# Kerodon

$\Newextarrow{\xRightarrow}{5,5}{0x21D2}$

Proposition 1.1.9.10. Let $S_{\bullet }$ be a Kan complex containing a pair of vertices $x,y \in S_0$. Then $x$ and $y$ belong to the same connected component of $S_{\bullet }$ if and only if there exists an edge $e \in S_1$ satisfying $d_0(e) = x$ and $d_1(e) = y$.

Proof. Let $R$ denote the image of the map $(d_0, d_1): S_1 \rightarrow S_0 \times S_0$. According to Remark 1.1.6.23, we can identify $\pi _0( S_{\bullet } )$ with the quotient of $S_{0}$ by the equivalence relation generated by $R$. It will therefore suffice to show that $R$ is already an equivalence relation on $S_0$. To prove this, we must verify three things:

• The relation $R$ is reflexive. This follows from the observation that for every vertex $x \in S_0$, the map $(d_0, d_1)$ carries the degenerate edge $s_0(x)$ to the pair $(x,x) \in S_0 \times S_0$.

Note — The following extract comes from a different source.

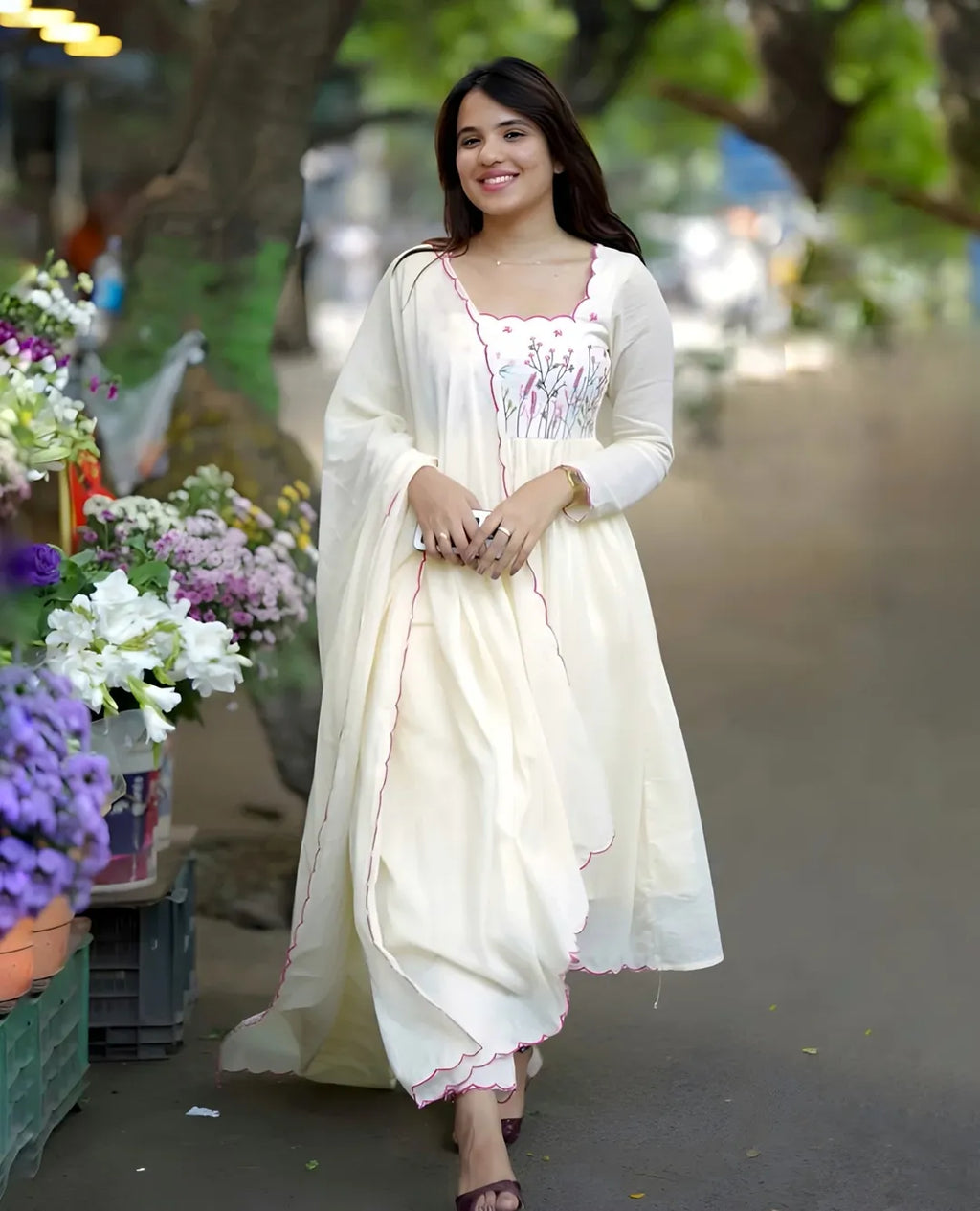 Aarohi Ivory Bloom Anarkali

• The relation $R$ is symmetric. Suppose that $(x,y) \in R$: that is, there exists an edge $e \in S_1$ satisfying $d_0(e) = x$ and $d_1(e) = y$. Then the tuple $(e, s_0(x), \bullet )$ determines a map of simplicial sets $\sigma _0: \Lambda ^{2}_{2} \rightarrow S_{\bullet }$ (see Exercise 1.1.2.14), which we depict as a diagram

$\xymatrix { & y \ar [dr]^{e} & \\ x \ar@ {-->}[ur] \ar [rr]^{s_0(x)} & & x. }$

Since $S_{\bullet }$ is a Kan complex, we can complete this diagram to a $2$-simplex $\sigma : \Delta ^2 \rightarrow S_{\bullet }$. Then $e' = d_2(\sigma )$ is an edge of $S_{\bullet }$ satisfying $d_0(e') = y$ and $d_1(e') = x$, which proves that the pair $(y,x)$ belongs to $R$.

• The relation $R$ is transitive. Suppose that we are given vertices $x,y,z \in S_0$ with $(x,y) \in R$ and $(y,z) \in R$; we wish to show that $(x,z) \in R$. Choose edges $e, e' \in S_1$ satisfying $d_0(e) = x$, $d_1(e) = y = d_0(e')$, and $d_1(e') = z$. Then the tuple $(e', \bullet , e)$ determines a map of simplicial sets $\tau _0: \Lambda ^2_1 \rightarrow S_{\bullet }$ (see Exercise 1.1.2.14), which we depict as a diagram

$\xymatrix { & y \ar [dr]^{e} & \\ z \ar [ur]^{e'} \ar@ {-->}[rr] & & x. }$

Our assumption that $S_{\bullet }$ is a Kan complex guarantees that we can extend $\tau _0$ to a $2$-simplex $\tau : \Delta ^2 \rightarrow S_{\bullet }$. Then $e'' = d_1(\tau )$ is an edge of $S_{\bullet }$ satisfying $d_0( e'' ) = x$ and $d_1(e'') = z$, which proves that $(x,z) \in R$.

$\square$